The Road MoreTraveled By
A video captured from the Taliban in Afghanistan illustrates the power of electronic warfare. The enemy is using a cell phone to trigger an IED on American convoys. But the Americans have their own wizardry. Their vehicles are blanketed by an electronic jamming bubble. Watch as the Taliban try to blow up American vehicles traveling along the strategic Pech River road without success. Not even praying to Allah helps.
If you think the Taliban were trying to kill American soldiers, you would only be half-right. What they were really trying to do was block a road.
A road is a the pathway to civilization and the battle to upgrade and secure the Pech river road is one of the more interesting but unsung stories of the war. The Pech River road is now well along in its construction. The Taliban have lost to civilization -- for now. Road-building has been a strategic counterinsurgency weapon since ancient times. As David Kilcullen explains how he learned this lesson:
As a tactics instructor in the mid-1990s, teaching British platoon commanders at the School of Infantry, I spent many weeks on extended field exercises in the wilds of south Wales and on windswept Salisbury Plain. Both landscapes are studded with Roman military antiquities, relics of ancient counterinsurgency campaigns – mile-castles, military roads, legion encampments – as well as the Iron Age hill-forts of the Romans' insurgent adversaries. Teaching ambushing, I often found that ambush sites I chose from a map, even on the remotest hillsides, would turn out (once I dragged my weary, rucksack-carrying ass to the actual spot) to have Roman or Celtic ruins on them, and often a Roman military road nearby: call me lacking in self-assurance, but I often found this a comforting vote of confidence in my tactical judgment from the collective wisdom of the ancestors.
Like the Romans, counterinsurgents through history have engaged in road-building as a tool for projecting military force, extending governance and the rule of law, enhancing political communication and bringing economic development, health and education to the population. Clearly, roads that are patrolled by friendly forces or secured by local allies also have the tactical benefit of channeling and restricting insurgent movement and compartmenting terrain across which guerrillas could otherwise move freely. But the political impact of road-building is even more striking than its tactical effect.

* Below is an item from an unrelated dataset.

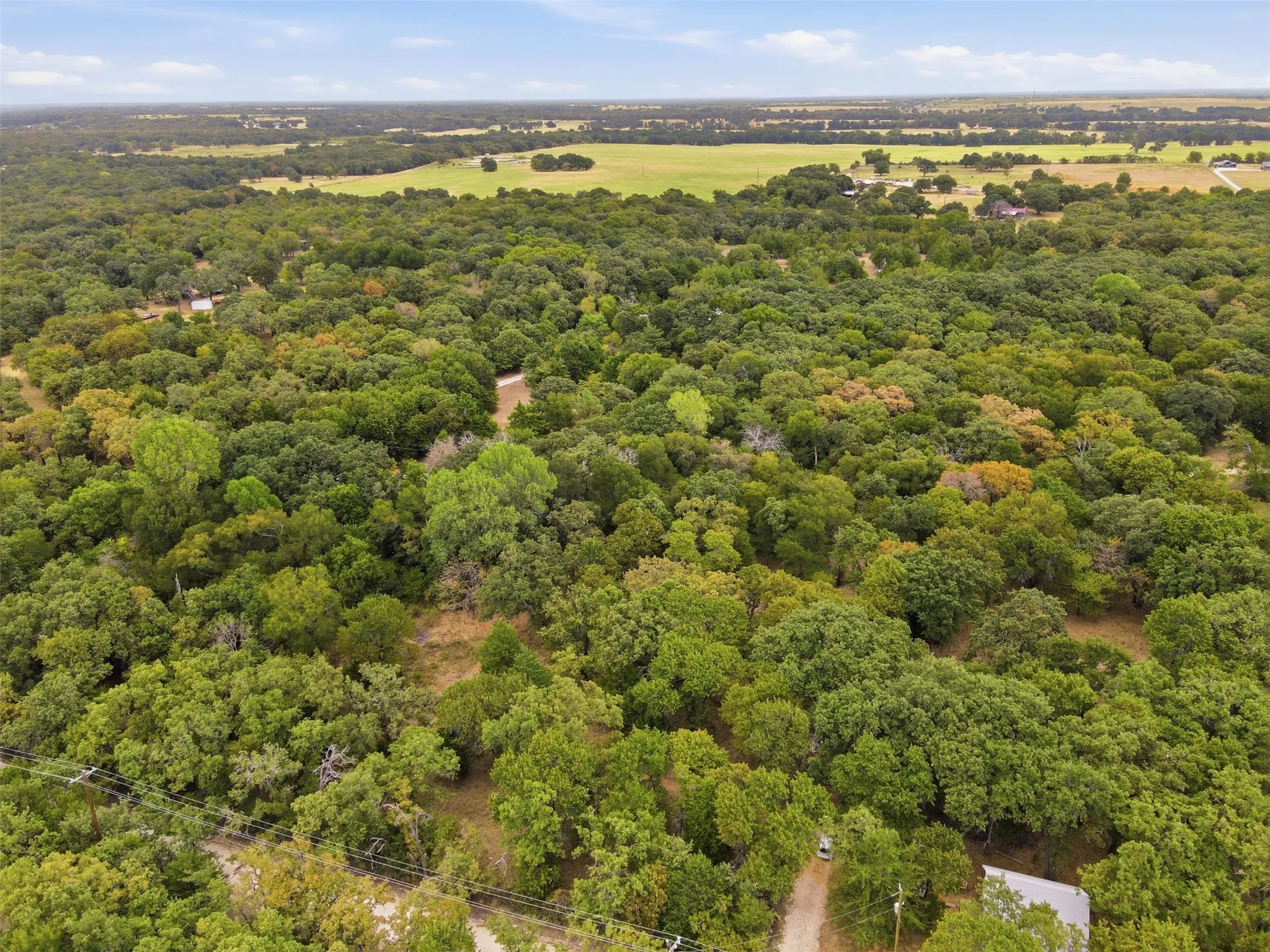 Unimproved Land For Sale in Hill County , 1226 Hcr 1425, Covington, Texas 76636, 0, 0, Garage spaces, 0 Sqft, built in 0, mls#21378983, Real Estate Agent in Covington, Homes For Sale in Hill county, Homes For Sale in Covington, Realtor in Covington Texas, Real Estate Brokerage Independent Realty Texas, Luminita Cordes Realtor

Kilcullen argues that road-building "separates the enemy from the
population ... builds connectivity with and confidence in government ... creates
jobs and promotes business, facilitates agriculture, and allows farmers to get
crops to market faster before they spoil". Ultimately fighting extremism in
the 21st century is a race to see which side can use technology better. One side
wants to use it to return the world to the 8th century and the other to reach
the stars.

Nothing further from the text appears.